When Sally Lewis Hybl landed the role of Anna in the Colorado Springs Fine Arts Center's The King and I in 2002, she'd already performed in the classic once before. In her acting debut at age 9, Hybl played one of the children in the center's 1980 production.
"If you catch the bug," Hybl says, "you can grow up on this stage."
And she has. Now a mother of four and nonprofit board member, Hybl plays Marian Paroo, a prim and proper librarian, in this month's feature, The Music Man. She hopes the classic, kid-friendly story will reel in a fresh generation of actors, directors, set designers and audiences.
"All it takes is that moment," says Hybl. "Theater is a habit. If you expose people to it, maybe next time they'll go see a play instead of going to the movies."
The Music Man, which won five Tony Awards in 1958, seems a perfect habit-starter.

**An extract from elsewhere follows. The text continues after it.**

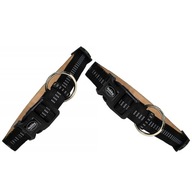 Pohodlný Soft Grip obojok pre psa čierny M-L Pohodlný Soft Grip obojok pre psa čierny M-L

"My children know the lyrics as well as I do," Hybl says before breaking out into "Seventy-Six Trombones" for a flashing second. "It's a good musical when your kids are singing the tunes and the melody."
In the show, Hybl's Paroo turns out to be more human than she appears. She falls for charlatan traveling salesman Harold Hill (played by Broadway veteran Michael E. Gold), who arrives to con River City, Iowa, residents into purchasing marching band equipment.
Hybl says director Corey Moosman is "harkening back to the roots of what musical theater really looks like" with his adaptation.
"Sometimes you take a piece and you put a modern twist on it," she says, "and it loses itself in trying to reinvent it."
Moosman read the script and listened to one cast album, but chose not to watch the 1962 film version, for which Shirley Jones was nominated for a Golden Globe as Paroo.
"I wanted to come about the storytelling in a more pure fashion," he says. "Even outside of theater, people have a lot of history with this show. I wanted to see what got me before I actually saw what everyone else has grown up with."
While Moosman's take is traditional, it's not the same-old. A cast member helped Moosman track down a long out-of-print copy of author and playwright Meredith Willson's 1959 book But He Doesn't Know the Territory, which details his writing of the play. As a director, he says, it's important to find what speaks to you, the thing that "gives you reason to want to tell the story."
Some people underestimate the power of feel-good productions, Hybl says.
"They may not be deep, heavy themes, but they still resonate."